Standard HTTP is inherently stateless and request-driven. For a chat application, using HTTP means clients must constantly "poll" the server to ask if new messages have arrived. This creates massive header overhead, drains mobile batteries, introduces unacceptable latency, and wastes immense server resources on empty responses.

🦸 The Solution (The Hero)

A persistent WebSocket architecture where clients maintain an open connection to dedicated Chat Servers. This allows the server to instantly push incoming messages to recipients. When combined with a write-optimized database like HBase, the system can effortlessly absorb massive message throughput while providing instant retrieval of chat histories.

📜 Requirements

  • Functional Requirements:
    1. Users can send and receive text messages in real-time (1-on-1 and Group chats).
    2. Users can see message statuses (Sent, Delivered, Read).
    3. Users can see the online presence of their contacts.
  • Non-Functional Requirements:
    1. Low Latency: Messages must be delivered in < 50ms if the recipient is online.
    2. High Availability: The chat service must be highly available, though strict message ordering is paramount.
    3. Scalability: Must support billions of concurrent connections and extreme write-heavy workloads.

Capacity Estimation (Back-of-the-envelope)

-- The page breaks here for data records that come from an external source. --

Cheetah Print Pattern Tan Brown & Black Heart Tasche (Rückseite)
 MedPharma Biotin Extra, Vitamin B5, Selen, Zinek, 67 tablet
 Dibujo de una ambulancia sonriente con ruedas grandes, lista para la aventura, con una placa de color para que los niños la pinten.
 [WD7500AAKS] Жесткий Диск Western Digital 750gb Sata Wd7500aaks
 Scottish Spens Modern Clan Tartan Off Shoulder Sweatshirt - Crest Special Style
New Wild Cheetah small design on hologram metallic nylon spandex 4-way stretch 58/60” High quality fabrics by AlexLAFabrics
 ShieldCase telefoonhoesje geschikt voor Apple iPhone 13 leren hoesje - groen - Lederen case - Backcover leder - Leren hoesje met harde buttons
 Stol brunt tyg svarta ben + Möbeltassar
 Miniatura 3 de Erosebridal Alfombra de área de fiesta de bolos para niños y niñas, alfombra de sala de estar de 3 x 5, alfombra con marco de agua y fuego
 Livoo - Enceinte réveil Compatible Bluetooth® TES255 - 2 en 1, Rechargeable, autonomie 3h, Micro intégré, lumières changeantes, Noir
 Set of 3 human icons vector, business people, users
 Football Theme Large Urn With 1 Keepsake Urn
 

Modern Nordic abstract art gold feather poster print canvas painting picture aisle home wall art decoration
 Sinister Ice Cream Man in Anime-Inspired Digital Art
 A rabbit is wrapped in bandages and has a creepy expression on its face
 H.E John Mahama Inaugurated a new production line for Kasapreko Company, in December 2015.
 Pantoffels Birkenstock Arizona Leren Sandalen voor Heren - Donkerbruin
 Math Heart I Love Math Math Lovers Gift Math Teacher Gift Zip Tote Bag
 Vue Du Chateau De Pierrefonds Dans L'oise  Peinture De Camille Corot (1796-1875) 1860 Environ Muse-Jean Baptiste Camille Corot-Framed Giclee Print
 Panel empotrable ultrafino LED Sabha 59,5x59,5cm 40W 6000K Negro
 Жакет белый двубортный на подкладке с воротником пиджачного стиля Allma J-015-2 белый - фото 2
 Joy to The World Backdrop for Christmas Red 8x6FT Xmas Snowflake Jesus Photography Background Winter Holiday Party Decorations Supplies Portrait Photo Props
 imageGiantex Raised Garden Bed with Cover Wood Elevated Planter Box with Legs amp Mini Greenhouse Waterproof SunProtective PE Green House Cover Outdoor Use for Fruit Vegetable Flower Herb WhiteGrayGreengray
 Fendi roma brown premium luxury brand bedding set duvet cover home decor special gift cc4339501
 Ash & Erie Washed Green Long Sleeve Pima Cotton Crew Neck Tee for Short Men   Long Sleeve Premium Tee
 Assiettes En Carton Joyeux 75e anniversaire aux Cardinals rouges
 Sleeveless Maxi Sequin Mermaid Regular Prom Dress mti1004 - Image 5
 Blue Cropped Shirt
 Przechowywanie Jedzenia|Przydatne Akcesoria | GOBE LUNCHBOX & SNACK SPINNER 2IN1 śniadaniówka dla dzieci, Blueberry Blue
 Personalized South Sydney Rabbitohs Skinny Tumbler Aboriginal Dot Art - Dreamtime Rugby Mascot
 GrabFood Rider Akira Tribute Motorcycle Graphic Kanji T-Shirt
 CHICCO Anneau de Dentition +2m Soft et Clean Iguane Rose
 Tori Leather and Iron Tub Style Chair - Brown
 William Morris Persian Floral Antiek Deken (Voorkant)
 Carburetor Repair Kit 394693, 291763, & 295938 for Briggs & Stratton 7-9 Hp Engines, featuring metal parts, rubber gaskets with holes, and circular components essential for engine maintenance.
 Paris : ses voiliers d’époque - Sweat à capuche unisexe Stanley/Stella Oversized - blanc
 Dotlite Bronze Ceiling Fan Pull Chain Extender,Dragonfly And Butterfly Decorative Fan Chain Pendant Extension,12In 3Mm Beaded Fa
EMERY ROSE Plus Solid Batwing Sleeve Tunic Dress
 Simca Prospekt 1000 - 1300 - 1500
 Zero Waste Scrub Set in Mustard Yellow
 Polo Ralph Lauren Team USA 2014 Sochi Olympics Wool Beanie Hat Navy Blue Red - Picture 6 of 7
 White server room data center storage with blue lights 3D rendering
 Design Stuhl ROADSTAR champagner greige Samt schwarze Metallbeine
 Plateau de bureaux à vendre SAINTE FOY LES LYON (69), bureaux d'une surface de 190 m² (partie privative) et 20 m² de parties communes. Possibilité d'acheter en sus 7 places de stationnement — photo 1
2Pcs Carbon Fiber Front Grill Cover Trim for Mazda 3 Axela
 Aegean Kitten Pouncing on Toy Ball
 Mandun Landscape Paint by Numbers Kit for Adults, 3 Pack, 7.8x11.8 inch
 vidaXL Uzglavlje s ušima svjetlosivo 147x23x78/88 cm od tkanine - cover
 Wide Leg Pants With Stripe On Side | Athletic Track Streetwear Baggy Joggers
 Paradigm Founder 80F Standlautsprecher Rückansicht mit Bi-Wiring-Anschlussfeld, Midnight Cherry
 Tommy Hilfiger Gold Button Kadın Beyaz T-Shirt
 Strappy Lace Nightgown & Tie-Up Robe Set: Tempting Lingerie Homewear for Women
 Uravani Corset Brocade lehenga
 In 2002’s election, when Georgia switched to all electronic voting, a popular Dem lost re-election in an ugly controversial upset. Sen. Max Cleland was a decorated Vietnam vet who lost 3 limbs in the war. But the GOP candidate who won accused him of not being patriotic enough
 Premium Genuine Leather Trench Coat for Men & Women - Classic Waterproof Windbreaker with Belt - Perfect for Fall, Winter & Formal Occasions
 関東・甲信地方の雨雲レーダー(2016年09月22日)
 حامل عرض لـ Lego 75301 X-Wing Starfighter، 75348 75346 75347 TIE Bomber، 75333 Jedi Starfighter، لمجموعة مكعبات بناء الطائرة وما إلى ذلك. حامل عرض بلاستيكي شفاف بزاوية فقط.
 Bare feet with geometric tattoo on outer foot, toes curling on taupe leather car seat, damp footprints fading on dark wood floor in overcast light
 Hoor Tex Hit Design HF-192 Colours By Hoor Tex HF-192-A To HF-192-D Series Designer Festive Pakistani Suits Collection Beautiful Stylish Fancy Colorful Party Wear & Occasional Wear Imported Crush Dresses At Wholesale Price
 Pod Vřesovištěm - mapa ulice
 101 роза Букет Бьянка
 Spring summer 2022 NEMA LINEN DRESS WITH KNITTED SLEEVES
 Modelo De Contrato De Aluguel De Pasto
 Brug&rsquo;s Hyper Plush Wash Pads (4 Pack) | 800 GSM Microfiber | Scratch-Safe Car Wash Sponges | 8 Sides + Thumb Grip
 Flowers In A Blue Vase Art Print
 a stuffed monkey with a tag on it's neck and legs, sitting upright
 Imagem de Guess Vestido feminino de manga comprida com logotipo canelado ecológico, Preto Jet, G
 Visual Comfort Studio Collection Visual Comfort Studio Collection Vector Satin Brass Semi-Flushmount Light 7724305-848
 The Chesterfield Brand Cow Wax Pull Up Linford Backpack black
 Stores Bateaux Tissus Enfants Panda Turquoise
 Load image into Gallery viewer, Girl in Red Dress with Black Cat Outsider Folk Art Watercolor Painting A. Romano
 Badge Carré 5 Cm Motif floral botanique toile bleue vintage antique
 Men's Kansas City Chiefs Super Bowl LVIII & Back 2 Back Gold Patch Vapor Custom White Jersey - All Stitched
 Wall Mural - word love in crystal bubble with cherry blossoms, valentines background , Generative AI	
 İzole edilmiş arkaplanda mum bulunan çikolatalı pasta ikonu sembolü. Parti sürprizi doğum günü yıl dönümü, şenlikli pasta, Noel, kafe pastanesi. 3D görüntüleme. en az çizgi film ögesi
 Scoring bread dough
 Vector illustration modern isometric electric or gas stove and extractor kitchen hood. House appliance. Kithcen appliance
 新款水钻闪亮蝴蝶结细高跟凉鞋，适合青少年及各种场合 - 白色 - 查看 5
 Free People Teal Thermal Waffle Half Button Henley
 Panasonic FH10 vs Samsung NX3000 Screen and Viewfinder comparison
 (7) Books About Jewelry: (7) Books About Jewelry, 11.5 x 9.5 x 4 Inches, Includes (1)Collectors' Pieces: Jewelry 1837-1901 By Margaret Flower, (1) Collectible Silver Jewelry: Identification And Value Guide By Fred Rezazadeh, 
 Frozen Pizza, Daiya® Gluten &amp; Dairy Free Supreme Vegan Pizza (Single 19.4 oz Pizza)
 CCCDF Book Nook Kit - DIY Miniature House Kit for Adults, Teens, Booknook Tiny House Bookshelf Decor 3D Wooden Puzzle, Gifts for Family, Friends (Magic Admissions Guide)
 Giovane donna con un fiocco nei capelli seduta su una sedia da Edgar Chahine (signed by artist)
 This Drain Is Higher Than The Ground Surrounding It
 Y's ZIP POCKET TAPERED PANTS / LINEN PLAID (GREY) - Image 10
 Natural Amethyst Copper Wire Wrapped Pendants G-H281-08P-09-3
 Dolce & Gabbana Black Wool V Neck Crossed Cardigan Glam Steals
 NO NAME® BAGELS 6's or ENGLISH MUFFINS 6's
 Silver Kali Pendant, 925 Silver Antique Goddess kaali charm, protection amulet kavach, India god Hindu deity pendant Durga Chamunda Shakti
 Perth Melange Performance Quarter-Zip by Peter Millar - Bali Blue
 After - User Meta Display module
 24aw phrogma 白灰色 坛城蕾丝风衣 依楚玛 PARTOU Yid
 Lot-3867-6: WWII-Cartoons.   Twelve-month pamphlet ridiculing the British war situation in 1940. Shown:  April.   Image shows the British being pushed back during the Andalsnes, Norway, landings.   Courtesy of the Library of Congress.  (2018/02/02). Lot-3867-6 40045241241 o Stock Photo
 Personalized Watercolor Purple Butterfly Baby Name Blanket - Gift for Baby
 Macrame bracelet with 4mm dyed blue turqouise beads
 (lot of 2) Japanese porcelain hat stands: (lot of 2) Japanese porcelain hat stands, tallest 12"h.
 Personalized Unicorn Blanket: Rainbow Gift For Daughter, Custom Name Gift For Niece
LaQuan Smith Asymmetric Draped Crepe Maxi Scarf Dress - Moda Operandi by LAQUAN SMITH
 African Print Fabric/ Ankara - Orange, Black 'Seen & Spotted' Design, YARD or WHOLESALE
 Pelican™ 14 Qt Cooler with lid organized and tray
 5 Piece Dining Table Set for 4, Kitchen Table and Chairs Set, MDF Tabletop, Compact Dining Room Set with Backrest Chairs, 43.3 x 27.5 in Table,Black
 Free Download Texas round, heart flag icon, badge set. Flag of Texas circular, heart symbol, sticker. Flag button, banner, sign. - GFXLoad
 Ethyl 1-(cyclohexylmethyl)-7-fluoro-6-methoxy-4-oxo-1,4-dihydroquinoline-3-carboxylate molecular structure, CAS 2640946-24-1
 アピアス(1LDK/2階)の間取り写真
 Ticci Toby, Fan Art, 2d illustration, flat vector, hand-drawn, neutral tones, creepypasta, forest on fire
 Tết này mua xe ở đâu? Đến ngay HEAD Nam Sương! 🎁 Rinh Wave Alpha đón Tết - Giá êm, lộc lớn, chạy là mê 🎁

  • Traffic: 1 Billion Daily Active Users (DAU) sending an average of 50 messages/day -> 50 Billion messages/day (~600,000 messages/sec peak).
  • Storage: 50 Billion messages * 100 bytes (average payload) = 5 TB/day (~1.8 PB/year).
  • Connections: 1 Billion concurrent WebSocket connections. If one chat server handles 100,000 connections, the system requires a baseline of 10,000 Chat Servers.
  • Bandwidth: 600,000 msgs/sec * 100 bytes = ~60 MB/sec continuous ingress bandwidth.

📊 API Design & Data Model

  • SEND_MESSAGE (Client -> Server)
    • Payload: { "thread_id": "t123", "temp_id": "client_uuid", "text": "Hey!" }
  • RECEIVE_MESSAGE (Server -> Client)
    • Payload: { "thread_id": "t123", "message_id": "18472938472", "text": "Hey!", "sender_id": "u456" }
  • MESSAGE_ACK (Client <-> Server)
    • Payload: { "message_id": "18472938472", "status": "DELIVERED" }
  • Table: messages (HBase / Wide-Column Store)
    • RowKey: [thread_id]_[timestamp/sequence_id] (e.g., t123_1634567890)
    • ColumnFamily:data
      • sender_id (String)
      • content (String)
    • ColumnFamily:meta
      • status (String - Sent/Delivered/Read)
  • Table: user_threads (RDBMS or NoSQL)
    • user_id (String, PK)
    • thread_id (String, PK)
    • last_read_message_id (BigInt)

🏗️ High-Level Architecture

Architecture Diagram

graph TD
    ClientA[User A] <-->|WebSocket| LB[Load Balancer]
    ClientB[User B] <-->|WebSocket| LB

    LB <--> ChatSvc1[Chat Server 1]
    LB <--> ChatSvc2[Chat Server 2]

    ChatSvc1 --> SessionDB[(Session DB / Redis)]
    ChatSvc2 --> SessionDB

    ChatSvc1 --> PubSub[Pub/Sub / Kafka]
    ChatSvc2 --> PubSub

    PubSub --> ChatWorker[Chat Workers]

    ChatWorker --> HBase[(HBase Message Store)]
    ChatWorker --> PresenceSvc[Presence Server]
    ChatWorker --> PushSvc[Push Notification Service]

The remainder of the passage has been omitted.